= THE TASK =
Of the entries below, return only those lines from the line with "101 Briny Ave 401, Pompano Beach, FL 33062" to the line with "Kẻ Tàn Nhẫn", exactly, both included.

= THE DATA =
Start of Block
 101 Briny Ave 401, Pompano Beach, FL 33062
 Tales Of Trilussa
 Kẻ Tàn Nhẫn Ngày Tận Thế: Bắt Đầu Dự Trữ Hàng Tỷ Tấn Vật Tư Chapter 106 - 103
End of Block
Start of Block
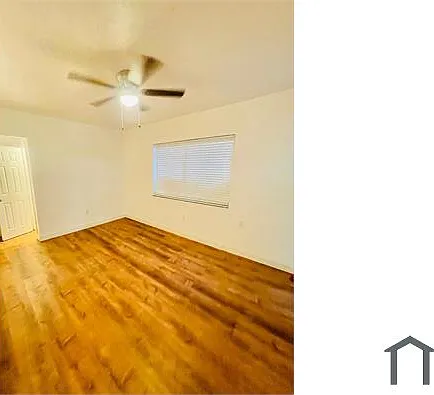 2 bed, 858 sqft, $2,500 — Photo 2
End of Block
Start of Block
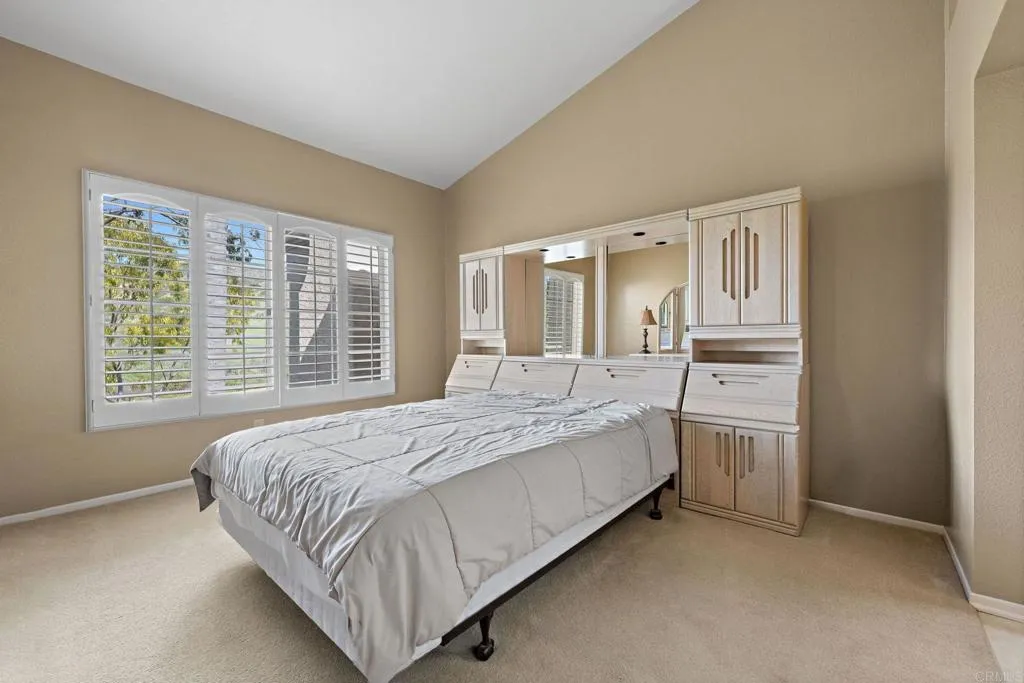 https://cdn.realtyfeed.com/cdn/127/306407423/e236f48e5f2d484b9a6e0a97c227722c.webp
End of Block
= RESULT OF THIS TASK =
 101 Briny Ave 401, Pompano Beach, FL 33062
 Tales Of Trilussa
 Kẻ Tàn Nhẫn Ngày Tận Thế: Bắt Đầu Dự Trữ Hàng Tỷ Tấn Vật Tư Chapter 106 - 103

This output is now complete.